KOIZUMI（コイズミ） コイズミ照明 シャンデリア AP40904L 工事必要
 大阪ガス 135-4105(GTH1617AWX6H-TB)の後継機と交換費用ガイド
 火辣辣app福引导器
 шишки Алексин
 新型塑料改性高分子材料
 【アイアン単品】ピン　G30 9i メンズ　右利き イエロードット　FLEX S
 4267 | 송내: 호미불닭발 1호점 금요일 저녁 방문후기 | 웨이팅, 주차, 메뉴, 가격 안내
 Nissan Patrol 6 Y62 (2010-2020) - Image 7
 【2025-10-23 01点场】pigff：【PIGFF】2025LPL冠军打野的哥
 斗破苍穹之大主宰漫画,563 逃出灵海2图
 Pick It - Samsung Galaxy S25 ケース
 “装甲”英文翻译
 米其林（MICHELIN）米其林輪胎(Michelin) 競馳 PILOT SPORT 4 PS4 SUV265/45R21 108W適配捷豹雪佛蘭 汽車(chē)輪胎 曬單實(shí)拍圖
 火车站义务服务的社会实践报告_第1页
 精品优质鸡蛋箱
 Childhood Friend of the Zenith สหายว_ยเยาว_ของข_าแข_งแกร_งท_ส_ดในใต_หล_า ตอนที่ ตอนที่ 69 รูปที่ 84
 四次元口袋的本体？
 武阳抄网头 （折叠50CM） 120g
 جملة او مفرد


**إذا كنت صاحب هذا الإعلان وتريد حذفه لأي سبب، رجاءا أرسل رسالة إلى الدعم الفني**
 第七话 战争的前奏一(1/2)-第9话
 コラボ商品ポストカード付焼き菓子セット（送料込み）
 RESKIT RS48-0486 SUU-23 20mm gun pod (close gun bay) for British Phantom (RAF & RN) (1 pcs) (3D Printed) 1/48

==================================================

#### Required action:
Above are the records; retype them all without a single difference.

#### Response to this task:
KOIZUMI（コイズミ） コイズミ照明 シャンデリア AP40904L 工事必要
 大阪ガス 135-4105(GTH1617AWX6H-TB)の後継機と交換費用ガイド
 火辣辣app福引导器
 шишки Алексин
 新型塑料改性高分子材料
 【アイアン単品】ピン　G30 9i メンズ　右利き イエロードット　FLEX S
 4267 | 송내: 호미불닭발 1호점 금요일 저녁 방문후기 | 웨이팅, 주차, 메뉴, 가격 안내
 Nissan Patrol 6 Y62 (2010-2020) - Image 7
 【2025-10-23 01点场】pigff：【PIGFF】2025LPL冠军打野的哥
 斗破苍穹之大主宰漫画,563 逃出灵海2图
 Pick It - Samsung Galaxy S25 ケース
 “装甲”英文翻译
 米其林（MICHELIN）米其林輪胎(Michelin) 競馳 PILOT SPORT 4 PS4 SUV265/45R21 108W適配捷豹雪佛蘭 汽車(chē)輪胎 曬單實(shí)拍圖
 火车站义务服务的社会实践报告_第1页
 精品优质鸡蛋箱
 Childhood Friend of the Zenith สหายว_ยเยาว_ของข_าแข_งแกร_งท_ส_ดในใต_หล_า ตอนที่ ตอนที่ 69 รูปที่ 84
 四次元口袋的本体？
 武阳抄网头 （折叠50CM） 120g
 جملة او مفرد


**إذا كنت صاحب هذا الإعلان وتريد حذفه لأي سبب، رجاءا أرسل رسالة إلى الدعم الفني**
 第七话 战争的前奏一(1/2)-第9话
 コラボ商品ポストカード付焼き菓子セット（送料込み）
 RESKIT RS48-0486 SUU-23 20mm gun pod (close gun bay) for British Phantom (RAF & RN) (1 pcs) (3D Printed) 1/48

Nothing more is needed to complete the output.